▶ **EXERCISE DETAILS**:
Pictures within the data are to be left out; everything else must be reproduced exactly.

AVAILABLE DATA: Begin

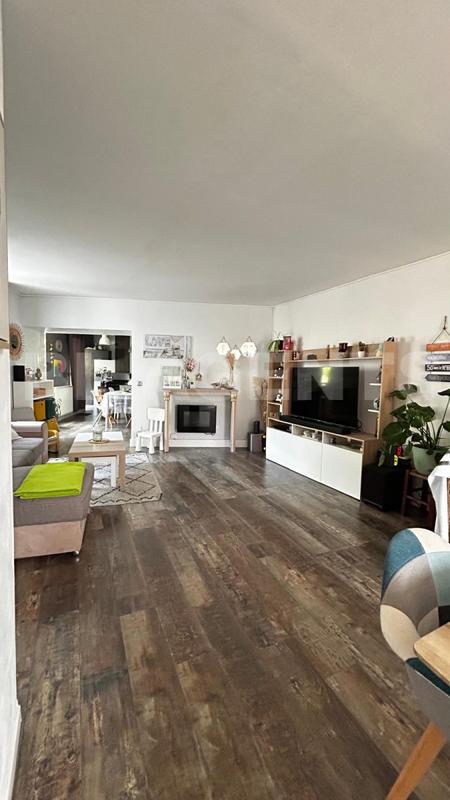 Appartement - 141 m² - 6 pièces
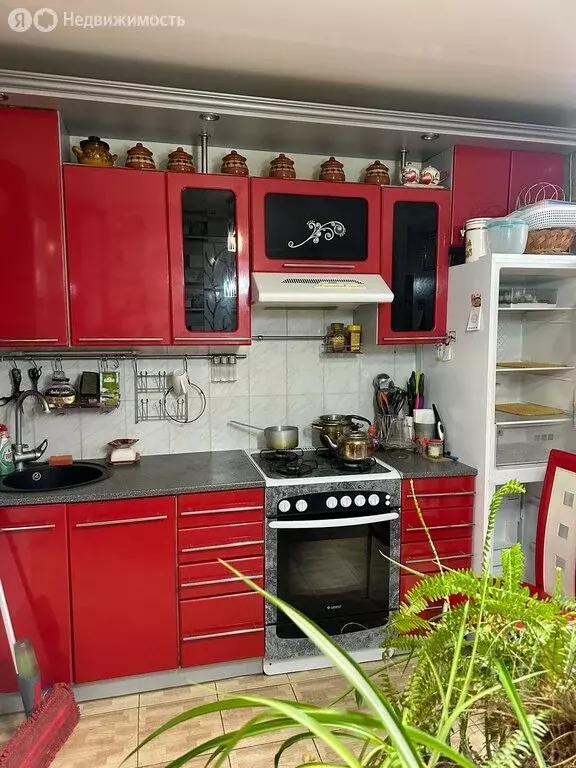 3-комнатная квартира: Собинка, улица Мира, 10 (68 м) - Фото 0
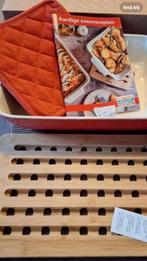 Nieuwe rode Ovenschaal met Accessoires, Ophalen of Verzenden, Nieuw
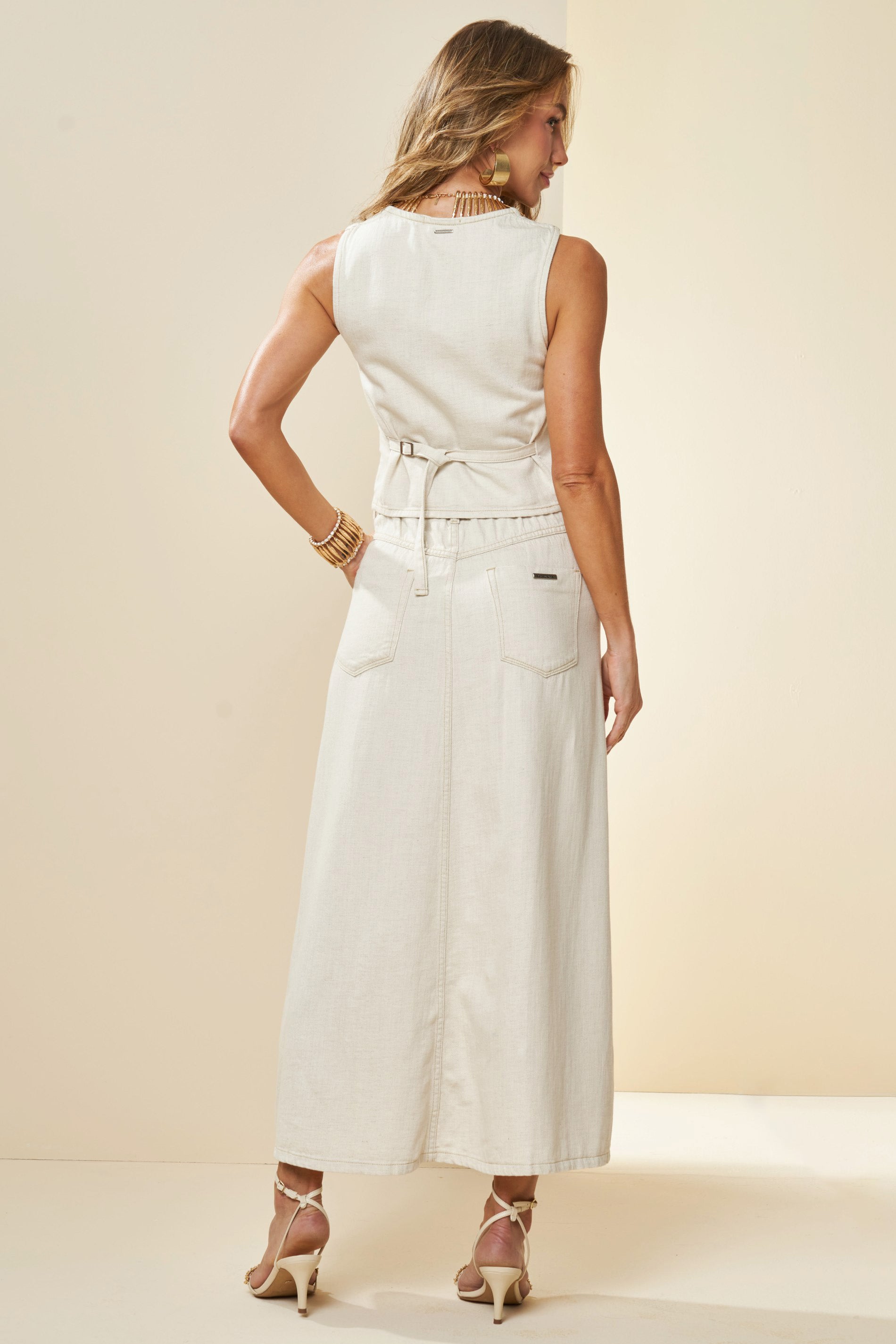 Saia Midi Veraneio em Linho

AVAILABLE DATA: End

▶ **ANSWER**:
 Appartement - 141 m² - 6 pièces
 3-комнатная квартира: Собинка, улица Мира, 10 (68 м) - Фото 0
 Nieuwe rode Ovenschaal met Accessoires, Ophalen of Verzenden, Nieuw
 Saia Midi Veraneio em Linho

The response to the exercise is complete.